Şu an yaşadığımız hayat, muhtemelen bize düşman birilerinin on yıllar önce tasarlayıp, bilerek bilmeyerek bize dayattığı bir eğitim programının sonucudur. Muhtemelen pek çok merkezde kurgulanan bir hayatı yaşıyoruz.
Çocuk 'Kitap'a tekme atmış, bu bir sonuçtur. Bu sonuçla, anlık bir depreşme oldu, bir süre sonra geçecek. Arsızın yüzüne atılan fiske gibi.
Hâlbuki bu depreşim, evimizin önüne gelmiş cani bir güruhun evimizde oluşturacağı, namus, can, mal korkusu gibi bir korku olmalı, en azından. Evet, en azından, çünkü o cani güruhu oluşturanlar artık evlerin içinde.
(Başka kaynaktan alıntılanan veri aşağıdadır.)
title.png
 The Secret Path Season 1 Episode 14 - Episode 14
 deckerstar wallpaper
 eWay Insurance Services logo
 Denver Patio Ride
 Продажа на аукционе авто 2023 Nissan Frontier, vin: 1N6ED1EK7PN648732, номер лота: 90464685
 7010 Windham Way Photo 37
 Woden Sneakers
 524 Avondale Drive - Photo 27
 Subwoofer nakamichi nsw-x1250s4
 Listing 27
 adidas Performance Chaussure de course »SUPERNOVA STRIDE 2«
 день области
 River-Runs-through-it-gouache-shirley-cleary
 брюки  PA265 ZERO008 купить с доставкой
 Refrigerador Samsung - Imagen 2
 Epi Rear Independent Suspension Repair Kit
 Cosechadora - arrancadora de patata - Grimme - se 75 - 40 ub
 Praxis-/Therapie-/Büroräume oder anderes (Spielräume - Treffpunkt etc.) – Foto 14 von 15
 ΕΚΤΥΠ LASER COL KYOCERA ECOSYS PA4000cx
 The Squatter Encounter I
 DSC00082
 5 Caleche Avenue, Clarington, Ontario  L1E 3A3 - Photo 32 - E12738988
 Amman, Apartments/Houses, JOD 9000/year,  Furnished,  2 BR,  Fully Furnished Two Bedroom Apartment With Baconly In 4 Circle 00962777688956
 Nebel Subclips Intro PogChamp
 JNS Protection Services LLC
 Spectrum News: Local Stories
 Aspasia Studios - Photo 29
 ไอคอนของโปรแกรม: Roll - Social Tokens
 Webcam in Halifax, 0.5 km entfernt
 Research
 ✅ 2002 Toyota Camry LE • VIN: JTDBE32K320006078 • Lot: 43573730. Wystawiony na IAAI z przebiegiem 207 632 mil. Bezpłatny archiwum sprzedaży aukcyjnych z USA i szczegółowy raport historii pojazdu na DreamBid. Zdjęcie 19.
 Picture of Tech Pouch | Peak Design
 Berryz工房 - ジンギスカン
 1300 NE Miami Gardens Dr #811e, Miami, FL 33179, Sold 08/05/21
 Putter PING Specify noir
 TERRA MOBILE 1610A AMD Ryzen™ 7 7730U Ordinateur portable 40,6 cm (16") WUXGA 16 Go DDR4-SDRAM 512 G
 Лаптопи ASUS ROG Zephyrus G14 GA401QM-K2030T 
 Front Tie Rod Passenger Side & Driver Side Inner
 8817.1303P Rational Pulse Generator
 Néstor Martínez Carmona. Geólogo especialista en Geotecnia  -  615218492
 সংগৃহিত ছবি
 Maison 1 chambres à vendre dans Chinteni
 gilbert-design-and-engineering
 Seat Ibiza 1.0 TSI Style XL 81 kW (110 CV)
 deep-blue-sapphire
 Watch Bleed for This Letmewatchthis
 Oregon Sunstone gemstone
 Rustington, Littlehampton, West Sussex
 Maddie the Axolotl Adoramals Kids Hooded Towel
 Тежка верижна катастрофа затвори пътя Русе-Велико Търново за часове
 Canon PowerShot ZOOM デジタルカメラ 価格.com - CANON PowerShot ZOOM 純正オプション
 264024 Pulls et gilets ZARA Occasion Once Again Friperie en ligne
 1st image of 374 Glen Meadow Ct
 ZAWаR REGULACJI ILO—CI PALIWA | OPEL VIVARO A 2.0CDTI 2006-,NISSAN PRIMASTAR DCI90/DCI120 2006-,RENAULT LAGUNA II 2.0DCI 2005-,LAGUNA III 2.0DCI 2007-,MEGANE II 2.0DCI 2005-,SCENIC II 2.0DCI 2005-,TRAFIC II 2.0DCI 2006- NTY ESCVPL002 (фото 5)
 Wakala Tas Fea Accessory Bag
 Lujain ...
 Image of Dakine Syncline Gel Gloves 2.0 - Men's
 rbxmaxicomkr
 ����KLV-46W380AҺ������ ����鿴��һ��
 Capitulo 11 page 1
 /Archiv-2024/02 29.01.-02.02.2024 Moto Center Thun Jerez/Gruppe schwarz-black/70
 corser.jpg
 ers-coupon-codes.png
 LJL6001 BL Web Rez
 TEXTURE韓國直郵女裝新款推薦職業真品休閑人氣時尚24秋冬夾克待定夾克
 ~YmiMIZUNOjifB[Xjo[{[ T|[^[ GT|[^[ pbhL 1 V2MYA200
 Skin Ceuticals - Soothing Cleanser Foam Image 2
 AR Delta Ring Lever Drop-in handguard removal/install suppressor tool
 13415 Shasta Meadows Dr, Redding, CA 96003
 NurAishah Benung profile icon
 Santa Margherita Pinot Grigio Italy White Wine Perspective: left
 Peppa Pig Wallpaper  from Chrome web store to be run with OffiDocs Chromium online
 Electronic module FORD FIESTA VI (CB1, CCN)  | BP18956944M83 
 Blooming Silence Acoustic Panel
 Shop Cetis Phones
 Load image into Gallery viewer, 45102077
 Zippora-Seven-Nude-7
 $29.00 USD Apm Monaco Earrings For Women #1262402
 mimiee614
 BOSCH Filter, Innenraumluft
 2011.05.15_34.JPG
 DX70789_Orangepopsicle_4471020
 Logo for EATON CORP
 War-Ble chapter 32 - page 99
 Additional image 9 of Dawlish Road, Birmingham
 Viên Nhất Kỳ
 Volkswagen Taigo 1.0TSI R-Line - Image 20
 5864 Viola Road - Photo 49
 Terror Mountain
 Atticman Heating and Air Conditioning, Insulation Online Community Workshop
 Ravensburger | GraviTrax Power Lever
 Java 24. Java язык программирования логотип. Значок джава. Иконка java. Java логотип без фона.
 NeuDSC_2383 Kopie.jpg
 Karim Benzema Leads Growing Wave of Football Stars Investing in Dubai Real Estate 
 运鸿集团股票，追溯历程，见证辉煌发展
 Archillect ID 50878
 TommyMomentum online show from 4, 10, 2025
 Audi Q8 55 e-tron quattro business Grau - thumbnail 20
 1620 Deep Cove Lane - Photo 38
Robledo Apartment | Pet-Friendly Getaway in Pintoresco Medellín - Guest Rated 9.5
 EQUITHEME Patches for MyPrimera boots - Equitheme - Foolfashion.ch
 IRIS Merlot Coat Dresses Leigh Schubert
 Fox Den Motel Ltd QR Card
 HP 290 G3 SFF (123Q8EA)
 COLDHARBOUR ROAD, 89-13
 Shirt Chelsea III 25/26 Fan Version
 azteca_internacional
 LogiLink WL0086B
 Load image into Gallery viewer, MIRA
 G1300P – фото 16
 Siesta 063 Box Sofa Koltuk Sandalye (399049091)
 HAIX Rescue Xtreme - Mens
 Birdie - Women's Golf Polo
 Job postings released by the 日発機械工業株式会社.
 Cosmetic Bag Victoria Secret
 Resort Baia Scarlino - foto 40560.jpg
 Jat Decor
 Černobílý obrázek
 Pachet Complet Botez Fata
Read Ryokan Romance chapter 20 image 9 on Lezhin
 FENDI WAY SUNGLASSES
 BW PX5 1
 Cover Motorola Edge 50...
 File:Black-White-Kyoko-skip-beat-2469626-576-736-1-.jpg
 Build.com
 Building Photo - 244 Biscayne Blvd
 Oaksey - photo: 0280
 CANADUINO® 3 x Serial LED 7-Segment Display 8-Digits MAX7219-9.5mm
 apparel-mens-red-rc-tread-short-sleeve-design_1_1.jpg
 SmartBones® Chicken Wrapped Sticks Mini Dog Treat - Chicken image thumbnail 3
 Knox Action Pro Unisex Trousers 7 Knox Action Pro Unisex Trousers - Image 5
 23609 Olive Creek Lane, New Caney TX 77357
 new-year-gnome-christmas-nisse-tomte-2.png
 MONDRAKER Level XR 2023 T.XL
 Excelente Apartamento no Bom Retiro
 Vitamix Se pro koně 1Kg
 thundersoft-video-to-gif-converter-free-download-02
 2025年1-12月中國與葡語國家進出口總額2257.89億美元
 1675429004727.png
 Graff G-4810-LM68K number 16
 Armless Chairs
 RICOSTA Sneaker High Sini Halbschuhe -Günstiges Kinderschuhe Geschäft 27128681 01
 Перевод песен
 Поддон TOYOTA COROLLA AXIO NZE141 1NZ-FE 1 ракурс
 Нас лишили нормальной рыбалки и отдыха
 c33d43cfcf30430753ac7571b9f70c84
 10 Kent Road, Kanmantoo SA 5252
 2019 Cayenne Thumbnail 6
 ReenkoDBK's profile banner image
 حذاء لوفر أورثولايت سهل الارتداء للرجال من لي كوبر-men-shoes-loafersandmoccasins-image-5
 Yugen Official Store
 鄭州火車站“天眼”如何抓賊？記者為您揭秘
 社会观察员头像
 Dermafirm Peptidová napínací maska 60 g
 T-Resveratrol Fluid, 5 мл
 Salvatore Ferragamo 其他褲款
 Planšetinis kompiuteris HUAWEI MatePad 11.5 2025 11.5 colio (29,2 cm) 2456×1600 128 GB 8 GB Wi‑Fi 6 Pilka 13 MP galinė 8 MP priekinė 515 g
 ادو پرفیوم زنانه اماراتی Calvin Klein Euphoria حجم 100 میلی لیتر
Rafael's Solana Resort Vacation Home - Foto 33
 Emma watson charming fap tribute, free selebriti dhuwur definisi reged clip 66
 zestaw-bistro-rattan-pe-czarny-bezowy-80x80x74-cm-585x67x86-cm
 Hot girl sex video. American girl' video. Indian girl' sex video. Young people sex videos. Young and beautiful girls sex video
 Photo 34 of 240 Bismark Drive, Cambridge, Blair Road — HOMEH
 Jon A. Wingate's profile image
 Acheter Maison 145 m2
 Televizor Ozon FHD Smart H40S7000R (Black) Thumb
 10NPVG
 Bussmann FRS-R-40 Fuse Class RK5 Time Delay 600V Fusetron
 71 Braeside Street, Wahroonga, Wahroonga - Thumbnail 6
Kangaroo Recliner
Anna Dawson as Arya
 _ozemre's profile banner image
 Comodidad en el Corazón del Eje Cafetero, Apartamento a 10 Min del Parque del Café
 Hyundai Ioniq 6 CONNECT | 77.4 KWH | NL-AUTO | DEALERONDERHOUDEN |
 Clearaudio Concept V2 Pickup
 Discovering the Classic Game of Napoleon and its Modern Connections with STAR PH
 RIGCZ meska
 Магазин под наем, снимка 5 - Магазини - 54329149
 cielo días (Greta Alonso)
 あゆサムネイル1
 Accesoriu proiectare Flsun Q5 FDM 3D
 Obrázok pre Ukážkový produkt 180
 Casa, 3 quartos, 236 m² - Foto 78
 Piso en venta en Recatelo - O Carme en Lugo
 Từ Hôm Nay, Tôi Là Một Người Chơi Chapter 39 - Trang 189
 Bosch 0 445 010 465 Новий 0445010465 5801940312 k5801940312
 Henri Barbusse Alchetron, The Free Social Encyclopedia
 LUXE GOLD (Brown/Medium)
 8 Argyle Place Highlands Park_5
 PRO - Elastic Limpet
Annesini-babasını, eşini-çocuklarını doğramaktan tutun da nicesine, 'tehlike' evlerin içinde artık!
İngiliz Başkanın söylediği yüz yıl sonra gerçekleşiyor nitekim: "Biz bu kitabı, ellerinden almadıkça, yeniden derlenip toparlanırlar."; işte o Kitap'ı elimizden almışlar.
Bilinen bir gavur, sıklıkla Kitap'ımızı yakıyor, işte elimizde kalan Kitap'a eğitimli çoluk çocuğumuzun yaptığı!
Bu çocuklara kızalım elbette, fakat biz eğittik, unutmayalım.
Çuvaldızı önce kendimize batıralım canımız yansın!